Commercial Standard Insurance Co. v. Washington

399 S.W.2d 155, 1966 Tex. App. LEXIS 2736
CourtCourt of Appeals of Texas
DecidedFebruary 2, 1966
DocketNo. 11356
StatusPublished

This text of 399 S.W.2d 155 (Commercial Standard Insurance Co. v. Washington) is published on Counsel Stack Legal Research, covering Court of Appeals of Texas primary law. Counsel Stack provides free access to over 12 million legal documents including statutes, case law, regulations, and constitutions.

Bluebook
Commercial Standard Insurance Co. v. Washington, 399 S.W.2d 155, 1966 Tex. App. LEXIS 2736 (Tex. Ct. App. 1966).

Opinion

HUGHES, Justice.

This is a Workmen’s Compensation case in whieh the employe, Sammie J. Washington, recovered a judgment against the insurance carrier, Commercial Standard Insurance Company, awarding him benefits for total permanent incapacity.

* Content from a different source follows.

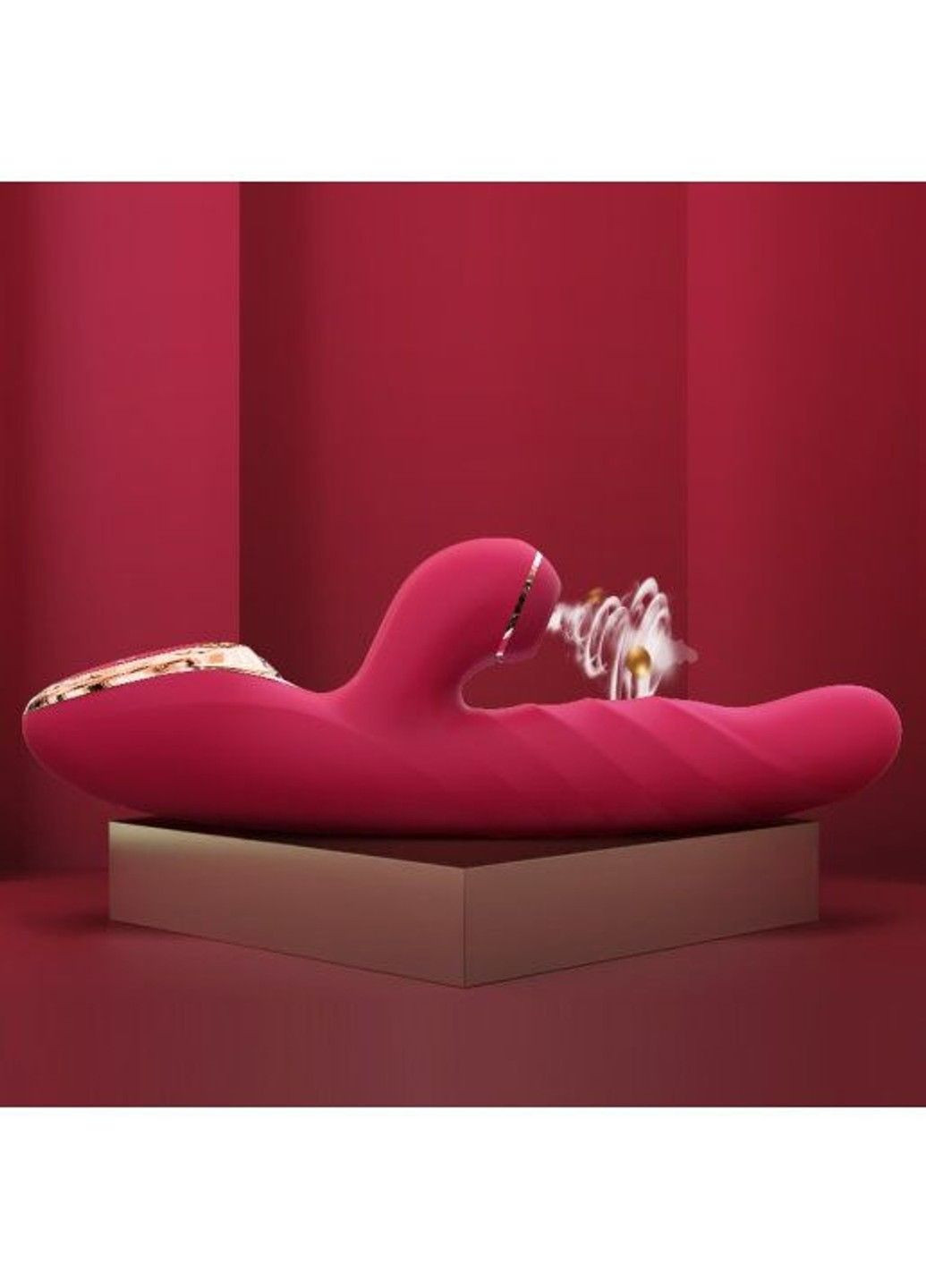 Вібратор-кролик з вакуумною стимуляцією і стовбуром, що обертається A-King Max Red KisToy (316156221)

[156]*156Appellant’s first four points, jointly briefed, are to the effect that there is no evidence in the record to support the jury finding that appellee sustained total permanent incapacity.

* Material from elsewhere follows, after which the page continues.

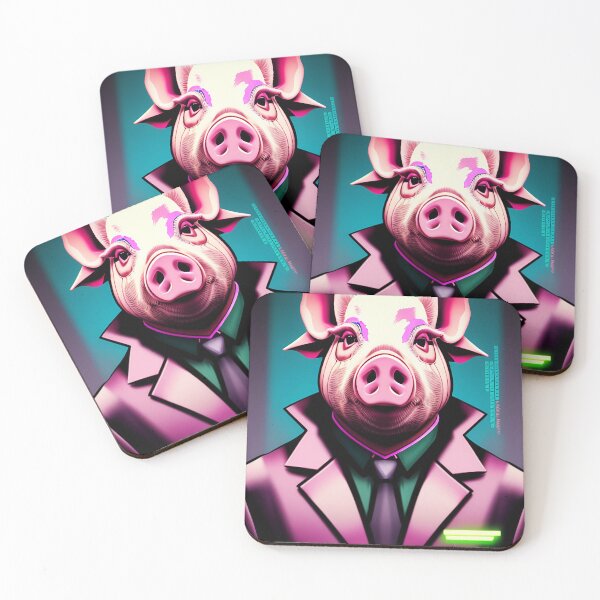 Item preview, cyberpunk pig portrait illustration art 2 designed and sold by vishalraifx.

We overrule these points. The evidence to sustain this finding is substantially as follows:

Appellee is 54 years of age. He cannot read or write, except to sign his name. He is a common laborer. When injured, he was working for Archie C. Fitzgerald in the construction of a new bank building in South Austin, Texas. He was stripping forms where concrete had been poured for a ceiling and “ * * * was prizing backwards with a wrecking bar, and I felt a little snap where it snapped in my back.” He had been standing on a scaffold and was working in a stooped over position. He rested for a few minutes and then went back to work. His condition became worse as the day progressed and by the next day his back was “sure enough sore.”

The next day he went to a Doctor Stephenson in Smithville, Texas, his family doctor. Dr. Stephenson gave him a shot in the arm and informed him that “it was just a nerve.” Later that evening the pain became so great that his family brought him from his home to Bracken-ridge Hospital in Austin. His wife then called at the office of Fitzgerald and Dr. Warran A. Ross was sent to the hospital to examine and treat him. Appellee was placed in traction, but was later advised that an operation would be necessary. On June 9, 1964, an operation was performed by Dr. Warran Ross and a portion of two discs in the lower portion of appellee’s back was removed. After removing the discs the spine was visibly unstablp and a spinal fusion was performed. Appellee remained in the hospital about five days thereafter. Dr. Ross cared for and treated him from May 29, 1964 up to “the present.” Trial commenced in this cause March .8, 1965.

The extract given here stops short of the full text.